Task prompt:
Please reproduce the data exactly, though every picture must stay out.

(Captioned web image data)
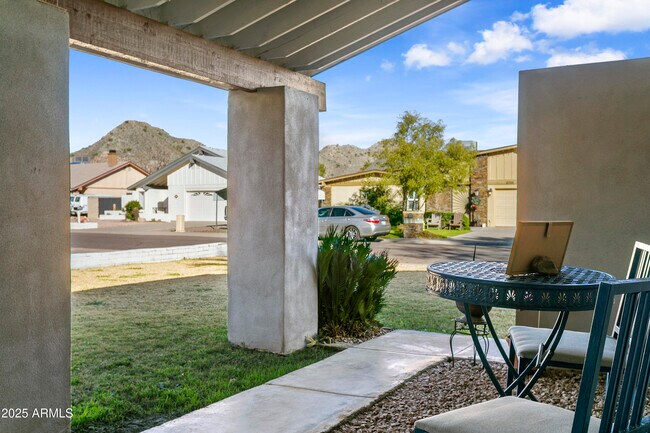 Photo - 2707 E Louise Dr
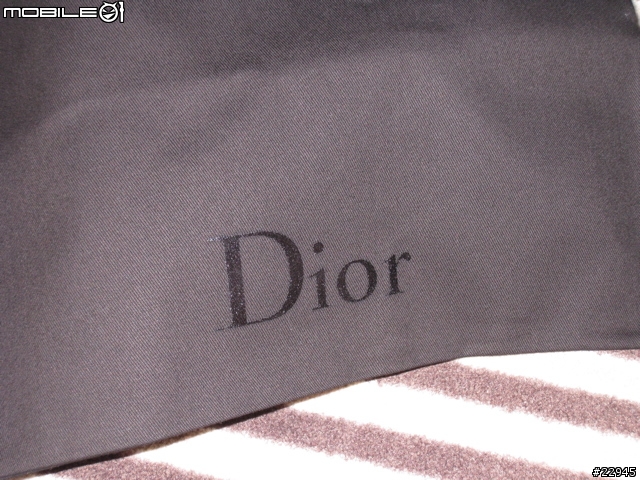 [巴黎之旅分享] Dior Homme麂皮高統球鞋. 兩年前才送到的唷!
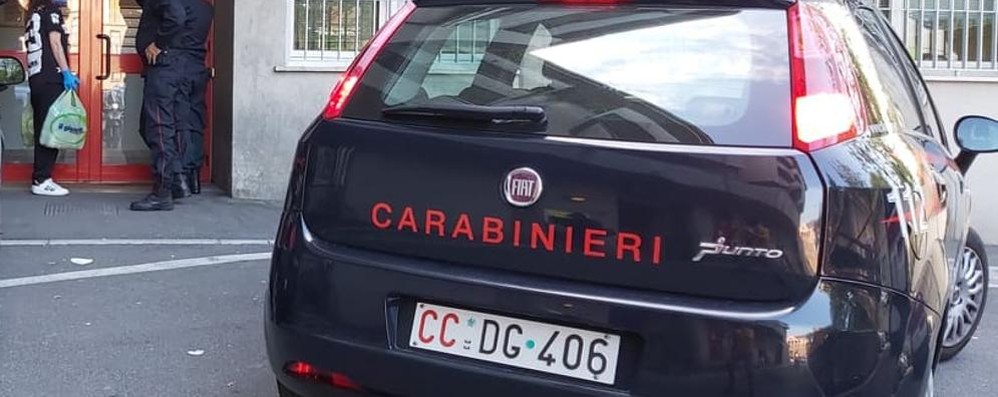 Un’auto dei carabinieri. Nei giorni scorsi hanno dato esecuzione a un decreto di chiusura di un bar
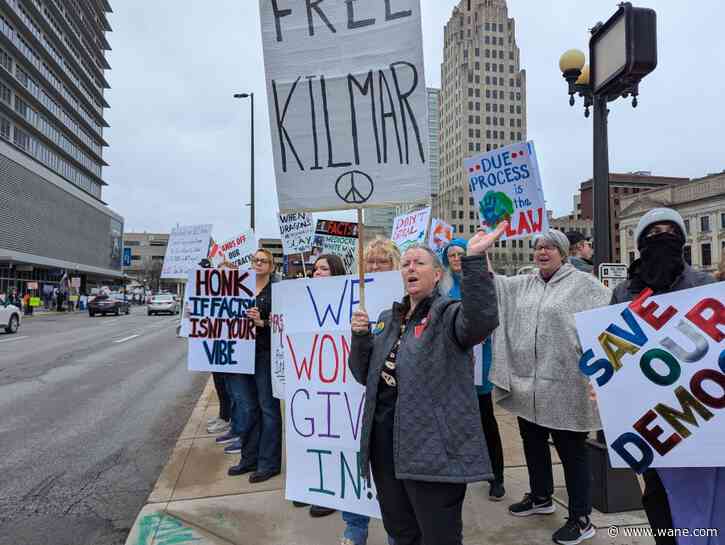 Fort Wayne joins in on nationwide ‘No Kings’ protests, honoring veterans and giving back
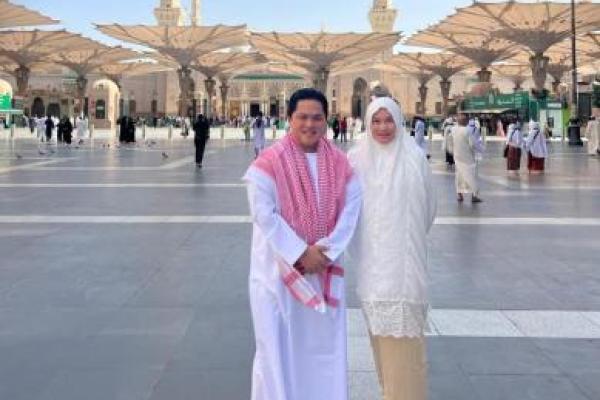 Menteri Badan Usaha Milik Negara (BUMN) Erick Thohir melaksanakan umrah ke Tanah Suci selepas Hari Raya Idul Fitri 1444 Hijiriah di tengah dinamika politik menjelang Pemilu 2024. Erick umrah bersama denga keluarganya.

The completed task:
 Photo - 2707 E Louise Dr
 [巴黎之旅分享] Dior Homme麂皮高統球鞋. 兩年前才送到的唷!
 Un’auto dei carabinieri. Nei giorni scorsi hanno dato esecuzione a un decreto di chiusura di un bar
 Fort Wayne joins in on nationwide ‘No Kings’ protests, honoring veterans and giving back
 Menteri Badan Usaha Milik Negara (BUMN) Erick Thohir melaksanakan umrah ke Tanah Suci selepas Hari Raya Idul Fitri 1444 Hijiriah di tengah dinamika politik menjelang Pemilu 2024. Erick umrah bersama denga keluarganya.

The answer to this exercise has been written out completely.